# Discrete vs Integrated Sound: Latency



## TIGR (Aug 1, 2013)

Hi TPU, been a long time since I posted here. I'm not much into computers and tech any more but do still game once in a while, and in a gaming forum I frequent, the superiority of sound cards over motherboard-integrated sound was brought up. This was specifically in regards to sound _quality_. But what about latency?

What I mean is this: if you are playing a fast-paced multiplayer FPS game, and another player makes a sound, will that sound make it to your speakers a little faster or slower based on whether you have discrete or integrated sound?
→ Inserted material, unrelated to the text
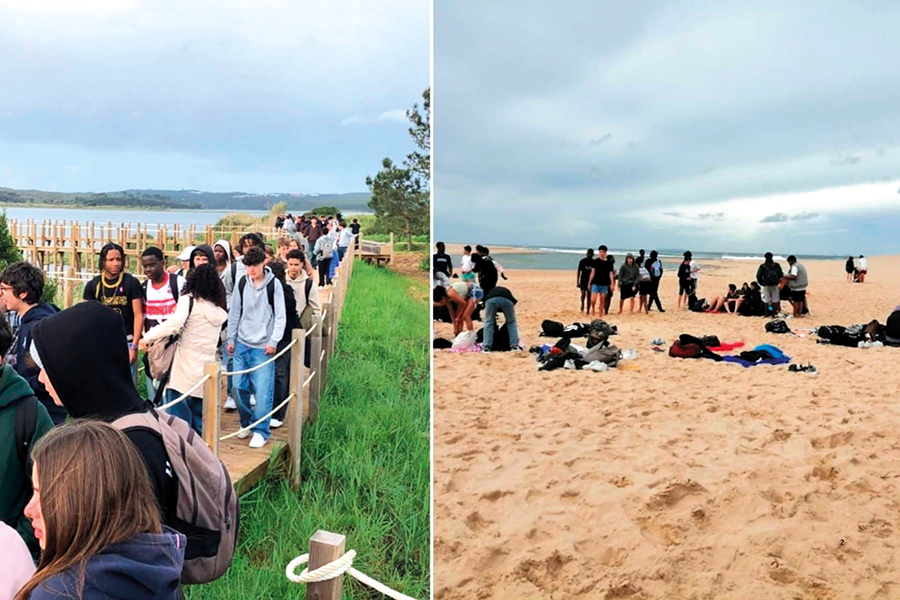 Alunos da EBI de Santo Onofre viveram “dias diferentes”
Much in the same way that one might ask which monitor has more input lag, I'm asking which type of audio device introduces more latency, because the human brain processes audio more quickly than it processes visual signals, making any latency in the audio stream undesirable.

My thinking is that it will probably depend on architecture and bus (is the posited sound card connected via PCI, PCI Express, maybe even USB?—let's stick to internal sound cards for this discussion). But it seems to me that there'd be a tendency for integrated sound to be lower-latency in most modern systems. Am I wrong?

I'm also thinking the difference is probably inconsequential. This is primarily a theoretical discussion about latency, but it would be more practical if anyone could put into perspective just how big the latency difference, if any, might be. Bear in mind that the focus here is on latency, independent of other aspects of sound (e.g. sound "quality" and CPU usage). I don't mind if this goes off-topic but would like to talk about latency above all.

Thanks!


----------



## jihadjoe (Aug 1, 2013)

I think a bigger difference will be on whether the audio makes its way through the standard windows audio path, or if you your application (or game) can interface directly with the sound device via ASIO or WASAPI.

From what I understand, windows audio takes in all audio streams, converts them to 32-bit (384 khz?) in order to do volume and mixing before finally outputting to the sound device. All this processing can add a significant amount of latency. OTOH, data sent over via ASIO more or less gets directly to the device.


----------



## TIGR (Aug 1, 2013)

The discussion that originally made me wonder this was about CoD4 which I suppose does goes through Windows audio. I'm using Windows 7 and integrated Realtek sound and when I go to the Windows mixer I can set CoD4 levels. This brings up another question: does using Realtek "enhancements" like Loudness Equalization and Bass Management add significant latency?


----------



## Frick (Aug 1, 2013)

For general use/playback I can't imagine it being a tangible difference, no matter how fast the game is. We're talking milliseconds.

For _recording_ however, it matters a lot.


----------



## rtwjunkie (Aug 1, 2013)

Like Frick said, the speed will be an inconsequential difference between discrete or integrated.  The primary difference, IF you use a quality soundcard, would be the clarity of the sound and boosted sound levels.  At least that's always been my experience.  It's really an individual preference.


----------